Michelle Heidenrich Barnes said...

My husband, an astronomer, and I have been talking a lot lately about doing a book together. Science and the arts do go hand in hand, as unexpected as that may seem. Even I'm a bit startled when we come up with yet another reason how our occupations are alike, though by now you'd think I'd be used to it!

Sally Murphy said...

Agreat article SYlvia - fun to see how the poets have tagged each other, and excellent classroom ideas, too. I love your idea of Poetry Tag. A poet friend and I have a blog callde Poetry Tag, where we tag each other with words which then must be incorportaed into a new poem.

Mary Lee said...

So much to love about this post! The wheels are turning!!

Bridget Magee said...

So cool! Tag, you're IT! =)

Patrina Garza said...

I just read through your article yesterday, Dr.

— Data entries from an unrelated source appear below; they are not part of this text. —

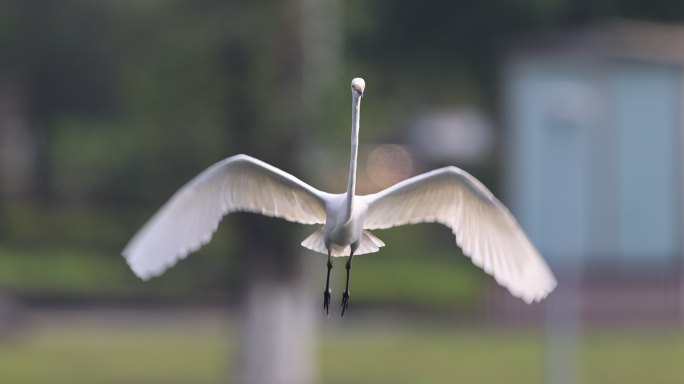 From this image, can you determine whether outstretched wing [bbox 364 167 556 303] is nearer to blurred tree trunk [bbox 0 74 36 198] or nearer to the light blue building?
the light blue building

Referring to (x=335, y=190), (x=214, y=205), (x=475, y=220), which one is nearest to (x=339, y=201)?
(x=214, y=205)

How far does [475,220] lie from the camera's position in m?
8.93

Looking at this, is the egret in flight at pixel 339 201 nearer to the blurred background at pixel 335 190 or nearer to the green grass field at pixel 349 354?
the blurred background at pixel 335 190

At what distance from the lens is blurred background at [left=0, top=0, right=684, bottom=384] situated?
19438 millimetres

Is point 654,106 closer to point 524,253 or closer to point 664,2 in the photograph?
point 664,2

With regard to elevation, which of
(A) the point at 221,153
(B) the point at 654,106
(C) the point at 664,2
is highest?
(C) the point at 664,2

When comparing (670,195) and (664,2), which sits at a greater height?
(664,2)

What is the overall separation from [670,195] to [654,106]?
131 centimetres

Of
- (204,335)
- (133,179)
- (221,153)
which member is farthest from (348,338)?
(133,179)

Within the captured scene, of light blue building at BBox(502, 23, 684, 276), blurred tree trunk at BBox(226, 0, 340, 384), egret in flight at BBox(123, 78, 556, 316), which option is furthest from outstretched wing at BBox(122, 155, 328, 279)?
light blue building at BBox(502, 23, 684, 276)

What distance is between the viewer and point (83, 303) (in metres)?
28.2

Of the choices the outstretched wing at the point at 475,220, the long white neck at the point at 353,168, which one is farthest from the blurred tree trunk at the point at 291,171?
the long white neck at the point at 353,168

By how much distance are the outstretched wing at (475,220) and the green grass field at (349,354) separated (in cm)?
1239

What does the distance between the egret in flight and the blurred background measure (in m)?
10.00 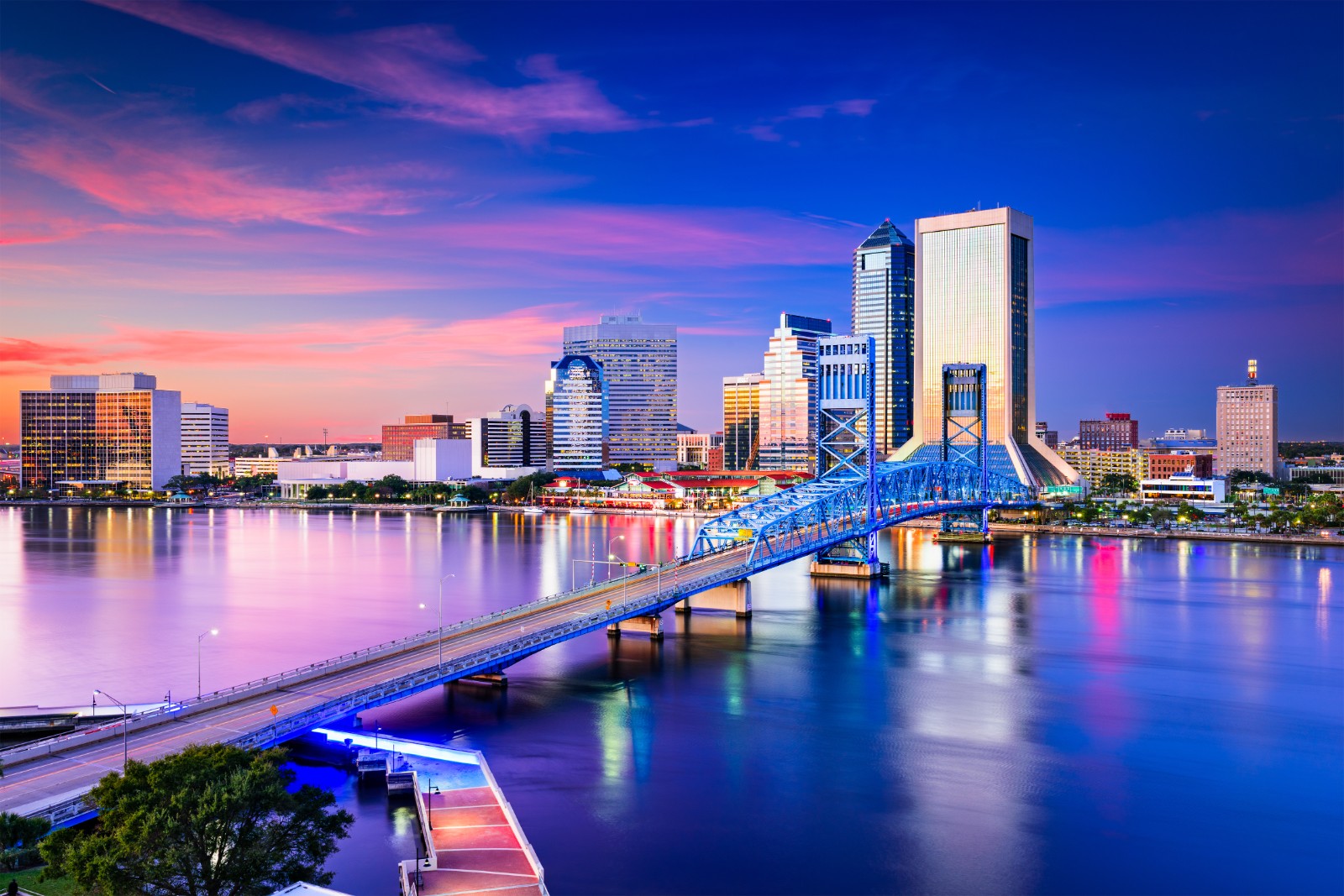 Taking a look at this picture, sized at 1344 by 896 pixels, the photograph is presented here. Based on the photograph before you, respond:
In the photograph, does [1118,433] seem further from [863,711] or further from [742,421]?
[863,711]

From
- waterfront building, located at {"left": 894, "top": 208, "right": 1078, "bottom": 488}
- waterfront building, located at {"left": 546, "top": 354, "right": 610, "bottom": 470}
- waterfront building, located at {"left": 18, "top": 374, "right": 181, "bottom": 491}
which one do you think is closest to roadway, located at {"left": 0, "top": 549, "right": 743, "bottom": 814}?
waterfront building, located at {"left": 894, "top": 208, "right": 1078, "bottom": 488}

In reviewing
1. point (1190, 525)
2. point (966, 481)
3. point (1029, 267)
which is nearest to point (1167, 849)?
point (966, 481)

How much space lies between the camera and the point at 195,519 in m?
111

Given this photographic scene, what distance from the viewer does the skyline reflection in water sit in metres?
19.2

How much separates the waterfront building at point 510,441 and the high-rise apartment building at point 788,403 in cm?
3845

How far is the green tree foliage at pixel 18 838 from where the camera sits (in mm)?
15239

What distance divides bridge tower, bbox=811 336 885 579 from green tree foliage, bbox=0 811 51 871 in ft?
148

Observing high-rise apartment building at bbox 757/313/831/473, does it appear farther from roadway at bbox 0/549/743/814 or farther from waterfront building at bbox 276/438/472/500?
roadway at bbox 0/549/743/814

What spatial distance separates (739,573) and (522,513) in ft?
274

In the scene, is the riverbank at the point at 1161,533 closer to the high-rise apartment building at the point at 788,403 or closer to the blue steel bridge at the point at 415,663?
the blue steel bridge at the point at 415,663

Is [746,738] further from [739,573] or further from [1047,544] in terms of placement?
[1047,544]

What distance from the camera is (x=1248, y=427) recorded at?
150m

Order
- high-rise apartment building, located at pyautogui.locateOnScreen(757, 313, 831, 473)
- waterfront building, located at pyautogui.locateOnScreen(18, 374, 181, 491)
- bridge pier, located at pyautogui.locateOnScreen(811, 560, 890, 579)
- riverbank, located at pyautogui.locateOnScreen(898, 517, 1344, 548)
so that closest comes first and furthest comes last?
bridge pier, located at pyautogui.locateOnScreen(811, 560, 890, 579) < riverbank, located at pyautogui.locateOnScreen(898, 517, 1344, 548) < high-rise apartment building, located at pyautogui.locateOnScreen(757, 313, 831, 473) < waterfront building, located at pyautogui.locateOnScreen(18, 374, 181, 491)

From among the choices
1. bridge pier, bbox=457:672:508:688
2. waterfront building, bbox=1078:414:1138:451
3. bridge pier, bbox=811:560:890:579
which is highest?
waterfront building, bbox=1078:414:1138:451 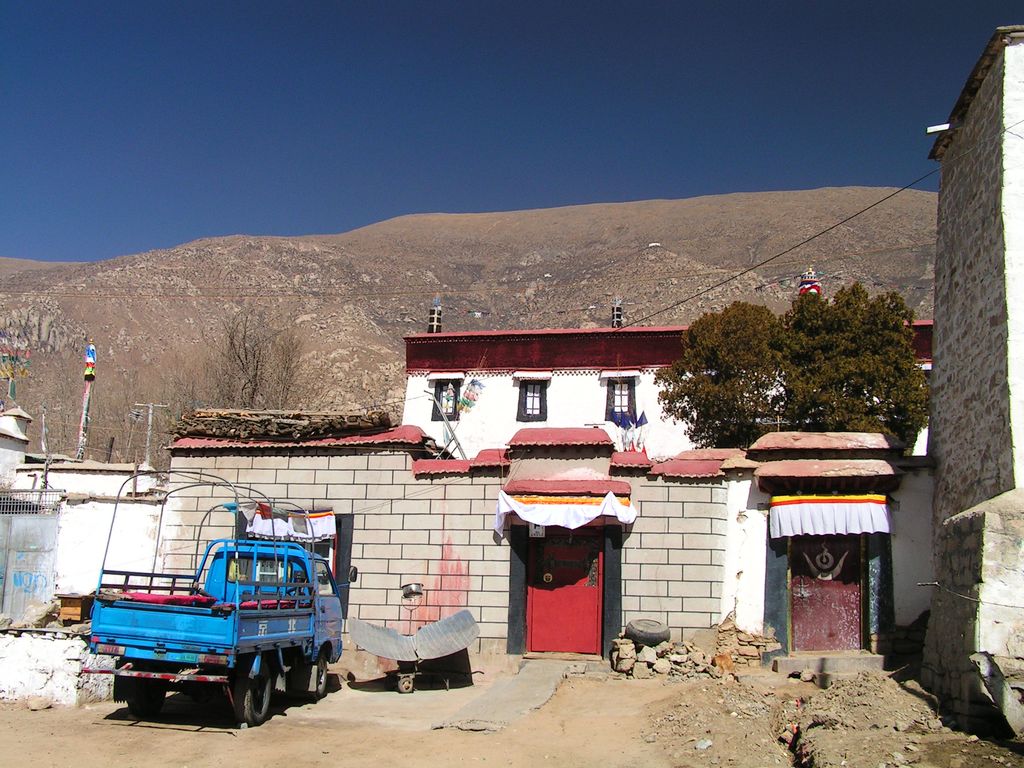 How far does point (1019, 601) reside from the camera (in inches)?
379

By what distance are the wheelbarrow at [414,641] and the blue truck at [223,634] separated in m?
1.26

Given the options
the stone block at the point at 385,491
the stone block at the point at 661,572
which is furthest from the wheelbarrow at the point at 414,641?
the stone block at the point at 661,572

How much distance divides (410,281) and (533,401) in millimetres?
71820

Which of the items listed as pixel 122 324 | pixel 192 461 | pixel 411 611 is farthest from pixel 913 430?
pixel 122 324

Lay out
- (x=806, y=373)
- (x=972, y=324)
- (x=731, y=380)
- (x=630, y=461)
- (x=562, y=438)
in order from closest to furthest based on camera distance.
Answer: (x=972, y=324), (x=630, y=461), (x=562, y=438), (x=806, y=373), (x=731, y=380)

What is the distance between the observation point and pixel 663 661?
541 inches

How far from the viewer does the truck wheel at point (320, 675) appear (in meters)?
12.9

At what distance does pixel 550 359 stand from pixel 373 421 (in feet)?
56.7

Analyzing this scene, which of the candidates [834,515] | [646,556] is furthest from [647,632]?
[834,515]

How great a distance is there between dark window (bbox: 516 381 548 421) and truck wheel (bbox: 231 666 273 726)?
21.8 metres

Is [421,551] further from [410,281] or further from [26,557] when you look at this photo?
A: [410,281]

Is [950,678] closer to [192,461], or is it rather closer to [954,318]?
[954,318]

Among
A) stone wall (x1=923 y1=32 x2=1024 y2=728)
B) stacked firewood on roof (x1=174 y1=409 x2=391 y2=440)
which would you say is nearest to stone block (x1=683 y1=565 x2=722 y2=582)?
stone wall (x1=923 y1=32 x2=1024 y2=728)

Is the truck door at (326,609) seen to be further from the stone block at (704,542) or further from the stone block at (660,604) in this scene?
the stone block at (704,542) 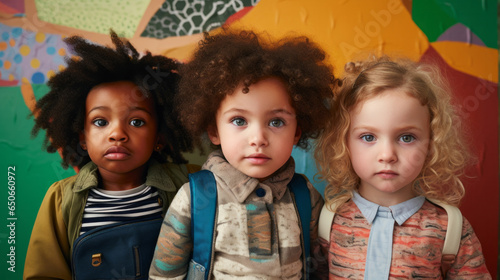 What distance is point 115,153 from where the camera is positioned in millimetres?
1319

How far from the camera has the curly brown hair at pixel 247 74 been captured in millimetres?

Vardell! Loved it! I have selected several of the poetry books listed in it to add to our juvenile poetry collection. What a fun concept of having the different poets/authors tag each other.

Patrina (MLS, TWU '14)

LEE BENNETT HOPKINS said...

SYLVIA: I received my copy of BOOKLINKS and, again, thank you for such wondrous poetry publicity. Having the cover-feature and lead article can do so much for the genre. Thanks also for including me and writing such nice things. You make me blush!
I hope the article reaches, as David McCord states,"farther than far". www.leebennetthopkins.com

Charles Waters said...

Sylvia, this is lovely, please do let us know when and where we can see the article in its full glory. This is so important, furthering the genre, helping people see how vital it is. Many thanks, and can't wait to hear about the big news in December!!!!!!